研究目標: The research target is to design and develop a data-stream-mining system, which is "holistic" meaning it is able to produce a decision-support model of highest possible accuracy in data-mining data streams.


研究內容: In this project, a scalable data stream mining called Stream-based Holistic Analytics and Reasoning in Parallel (SHARP) is proposed. SHARP is holistic because it consists of several components and they target to improve different aspects of data mining functions such as smoothing the input data streams, reducing the feature search space, finding the optimum feature subset, optimizing parameter values for the classifiers, and allowing incremental classifiers to go ensemble by spawning different classifiers in parallel. Preliminary experiments for three individual components have been tested and demonstrated superiority over existing methods, by our previously published literature. In this project, it is planned that all the components would be fully integrated and tested as a holistic data stream mining system that can produce the best possible performance. It is anticipated that SHARP is capable of eliminating some of the key problems in Big Data especially those associated with high-dimensionality and infinite and continuous data streams.
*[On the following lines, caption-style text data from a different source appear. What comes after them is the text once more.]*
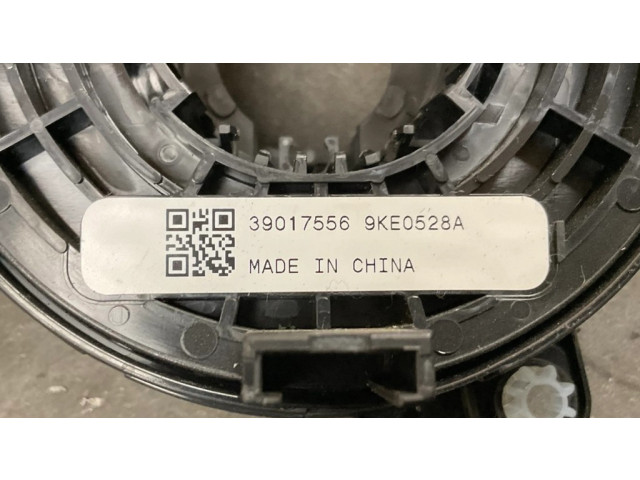 Полоса надувных подушек (кольцо srs)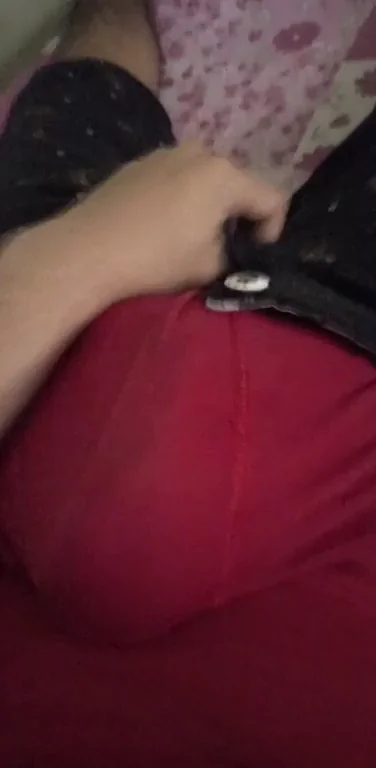 Down right horny (m) ?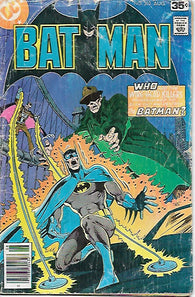 Batman #302 by DC Comics - Good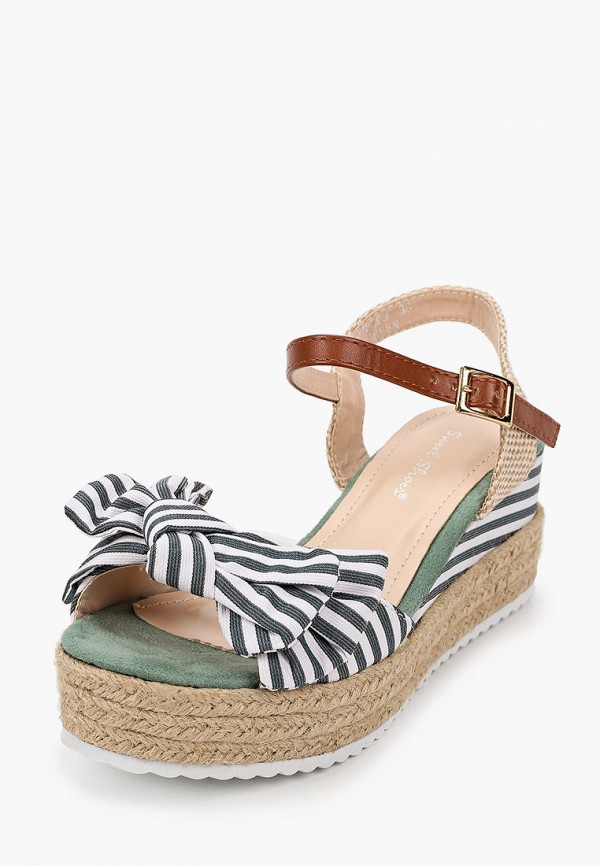 фото Босоножки sweet shoes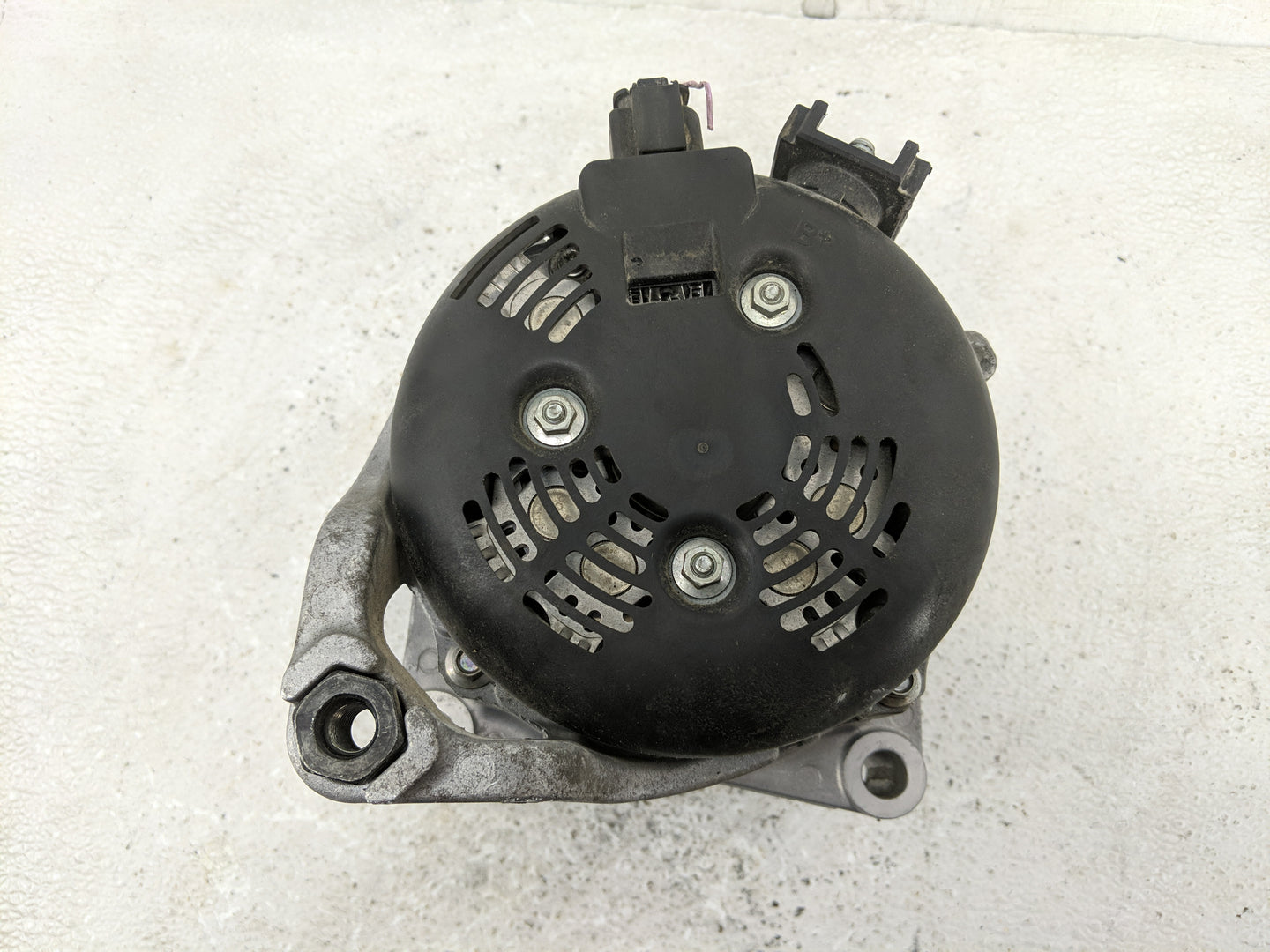 2012-2016 Bmw 328i Alternator Replacement Generator Charging Assembly Engine OEM P/N:021080-1140 Fits OEM Used Auto Parts - 
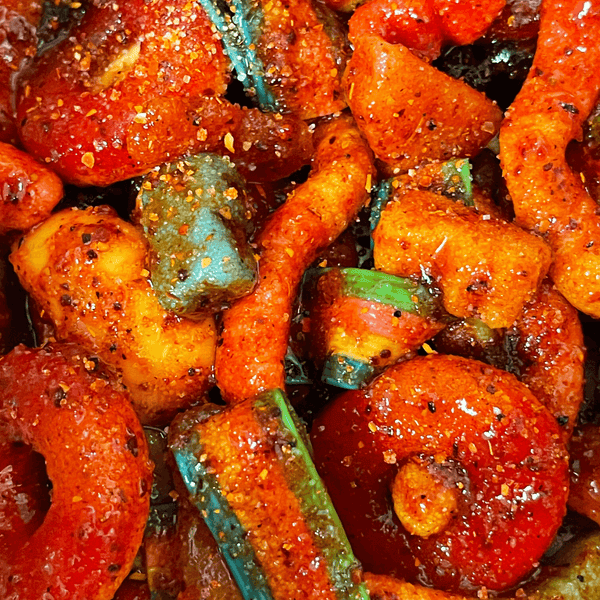 Chilitos Dulces y Chamoy - Online Mexican Candy Store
預期研究成果或擬解決問題: The end result is anticipated to generate a new breed of data stream mining system, which is holistic by design as it embraces: incremental feature selection, parameters optimization, ensemble bagging, and factors analysis/understanding, all for achieving the best possible data mining performance. In particular, this data stream mining system is intended to solve at least 2 Big Data problems, namely high-data-dimensionality, and potentially infinite amount in volume.